Bug #605775 “Loggerhead doesn't support linking to the raw conte...” : Bugs : loggerhead

John A Meinel (jameinel) on 2010-07-15

Changed in launchpad-code:
importance:	Undecided → Medium
status:	New → Confirmed
affects:	launchpad-code → loggerhead

Max Kanat-Alexander (mkanat) on 2010-12-03

Changed in loggerhead:
assignee:	nobody → Max Kanat-Alexander (mkanat)
status:	Confirmed → In Progress

Revision history for this message

Max Kanat-Alexander (mkanat) wrote on 2010-12-03:

#1

What I've done is I've added a "raw" controller that actually attempts to do its best to serve files with the right MIME type. It's remarkably fast--about 0.05 seconds to get a file's entire content and all associated information, even on a large branch like launchpad.

What I haven't yet done is added XSS protection, which is something I may do in a follow-up bug, since the work required for this was complex enough as it is.

Revision history for this message

Robert Collins (lifeless) wrote on 2010-12-03: Re: [Bug 605775] Re: Loggerhead doesn't support linking to the raw content

#2

The security implications are pretty big; this may not fly.
Considerations: browser content sniffing and hostile content. Access
to private branch data and so forth.

I can't dig into it now, but I urge you to socialise the design and
implications with folk on the larger Launchpad team - they've learnt
the hard lessons, the hard way.

Revision history for this message

Max Kanat-Alexander (mkanat) wrote on 2010-12-03:

#3

Hey Robert. I'm totally familiar with the security implications--the Bugzilla Project had a bug on this before most people on the Internet were even aware that it could possibly be a problem. What I'm saying is that the security implications will be dealt with in a follow-up bug, and in this bug they will not be.

This is not going to be deployed on Launchpad until it's secure for Launchpad, this is just going into loggerhead trunk, which is not going onto Launchpad.

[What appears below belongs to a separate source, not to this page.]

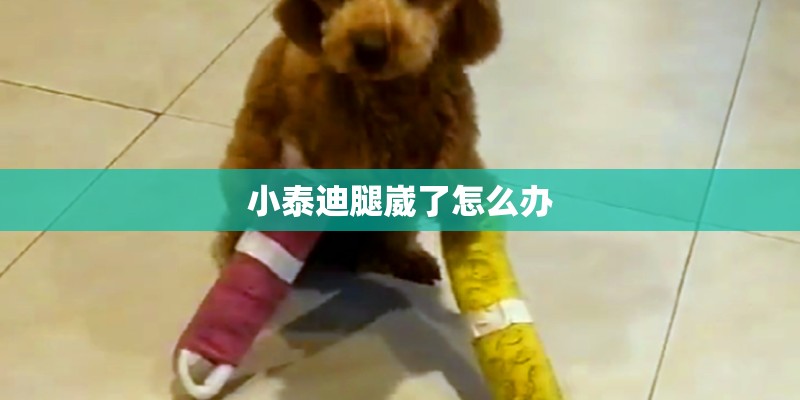 小泰迪腿崴了怎么办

Note that most loggerhead installations have no concerns whatsoever about XSS, though, BTW. There's nothing dangerous you could do to loggerhead itself, in most situations. LP happens to have private branches and credentials, so that's different.

Revision history for this message

Martin Pool (mbp) wrote on 2010-12-07:

#4

Some discussion on the mp https://code.launchpad.net/~mkanat/loggerhead/raw-controller/+merge/42675

I think we should (or should have) split the two parts of this bug.

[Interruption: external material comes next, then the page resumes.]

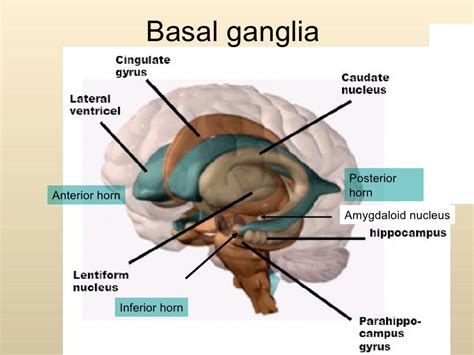 Anatomy Of Basal Ganglia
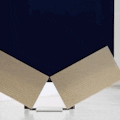 Bang & Olufsen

1- urls based only on patch is clearly useful for many urls
2- downloads that are not attachments: we should be more clear about how this is supposed to be used.

Revision history for this message

Max Kanat-Alexander (mkanat) wrote on 2010-12-07:

#5

The only URL that uses file ids by default still is the download URL. The raw controller listed in that MP is using paths like all of the other controllers, and once that MP goes in, it will be very simple to also make the download URL use paths. (The general architecture of loggerhead also still allows using file ids in the query string parameters if you want.)

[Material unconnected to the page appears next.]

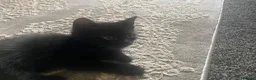 Mixed Breed cats for sale: 2 black twin 1 boy 1 girl  - Advert 7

As far as how the raw view is supposed to be used, I suppose there are two cases:

1) Somebody wants to see the raw content of the file quickly without any of the view or annotation issues.
2) Somebody wants to use loggerhead to serve some content.

At first I thought that #2 wasn't going to be feasible, but now I've discovered that the raw view is so fast that it could actually be done.

For #1, you could certainly say, "just serve everything as text/plain", but that doesn't actually solve the problem of XSS, because IE 7 and below will still sniff the content and render it as whatever the browser *thinks* it is. I believe it's only IE 8 and above that support X-Content-Type-Options.

So I figured I'd go with the most logical choice and attempt to serve the content with its actual, correct MIME type. That's particularly valuable for binary files like images or other media, which couldn't have a raw view otherwise.

One advantage to this also would be that it gives people the ability to rapidly get a single file out of bzr without having to check out an entire repository.

For the most part, controlling the MIME type of a file is only the illusion of security, which is worse than no security (because it makes people believe that they are secure when they are not).

The solution to the XSS problem is very much doable, and it would just involve having a secondary domain for serving raw content. I started to implement it as part of the above MP, but it turned out to be more complicated than I was expecting, so I wanted to save it for a second patch, since patches should generally be small and focused so that they can be polished and debugged appropriately (among many other important reasons to keep changes small and focused).